L’électrique en partage

« Cette démarche a été engagée il y a environ cinq ans alors que j’étais chargée de mission pour l’université Paris-Sud, devenue université Paris-Saclay en janvier 2020. La flotte était alors vieillissante », se remémore Jane Lecomte, vice-présidente développement soutenable. « Mais ce sont les récentes consignes de la circulaire du 13 novembre 2020 qui nous ont poussés à repenser le mode de gestion et de renouvellement du parc (voir l’encadré ci-dessous) », poursuit Nathalie Herrbach, directrice générale adjointe des services, missions transverses. « Selon cette circulaire, l’hybride rechargeable pouvait entrer, comme l’électrique, dans le cadre de notre future solution d’autopartage. Mais de récentes études montrent que l’électrique est mieux placé que l’hybride rechargeable pour le CO2. C’est la raison pour laquelle nous avons opté pour le 100 % électrique », justifie Jane Lecomte.
Au-delà de la diminution de son empreinte carbone, l’université Paris-Saclay veut également répondre « à un souhait croissant des usagers de passer à des modes de transport plus respectueux de l’environnement », souligne Nathalie Herrbach. « La fin de l’usage du thermique est une option très médiatisée. Avec l’autopartage, nous espérons obtenir la meilleure adéquation entre le nombre de VE et nos besoins réels en vue de réduire notre flotte à terme », renchérit Jane Lecomte. Néanmoins, l’université peine à électrifier tous ses véhicules. « Les tracteurs pour l’entretien des espaces verts resteront en diesel. Nous n’avons pas trouvé d’équivalents électriques », note Nathalie Herrbach.
La Savoie en électrique
Les collectivités s’affairent aussi à l’image du département de la Savoie. « Début 2020, nos véhicules étaient exclusivement en diesel ou en essence. Nous n’avions pas de stratégie précise pour verdir la flotte. Après une étude portée par ma direction sur comment limiter notre empreinte carbone à l’aide du meilleur choix technologique, la collectivité a décidé de n’acheter que des VL électriques », retrace Vincent Brossard, directeur des systèmes d’information au pôle ressources et moyens. 37 Zoé ont ainsi été livrées en 2020. Forte de 350 VL de service sur 150 sites, la collectivité espère aboutir à une flotte entièrement électrique dans dix ans, en renouvelant chaque année 10 % de son parc, soit une trentaine de véhicules (voir le témoignage).

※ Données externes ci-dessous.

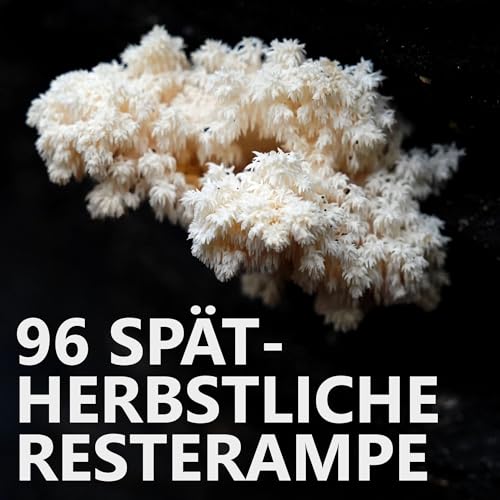 #96 Sp&auml;therbstliche Resterampe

Si l’électrique fait l’unanimité, la question de l’autonomie revient souvent. Pour y répondre, le groupe IMA (Inter Mutuelles Assistance) a testé l’électrique pour voir si cette motorisation se prête à ses salariés. Ce spécialiste de l’assistance compte plus de 2 500 collaborateurs dans l’agglomération de Niort (79). Une dizaine de véhicules y assurent les déplacements des services généraux.
Autonomie suffisante ou pas ?
« Il y a environ quatre ans, nous avons acquis deux Zoé et un Kangoo Z.E. pour assurer la maintenance des bâtiments. La problématique était d’avoir assez d’autonomie pour intervenir sur chaque site », rappelle Renaud Berrivin, conseiller auprès de la direction générale du groupe IMA, en charge des relations presse et de la RSE. En parallèle, les diesel « potentiellement plus aux normes » ont été cédés.
Face à ce changement, les collaborateurs ne se sont pas montrés réticents. « Sous l’impulsion d’une demande sociale croissante, les véhicules sont désormais plus performants. Leur autonomie, au départ d’une cinquantaine de kilomètres, suffit dorénavant. Grâce à cette avancée, nos équipes pourront se déplacer plus facilement, y compris dans nos autres implantations comme à Nantes. Nous pouvons même imaginer une flotte totalement électrique à long terme », prévoit Renaud Berrivin (voir le témoignage).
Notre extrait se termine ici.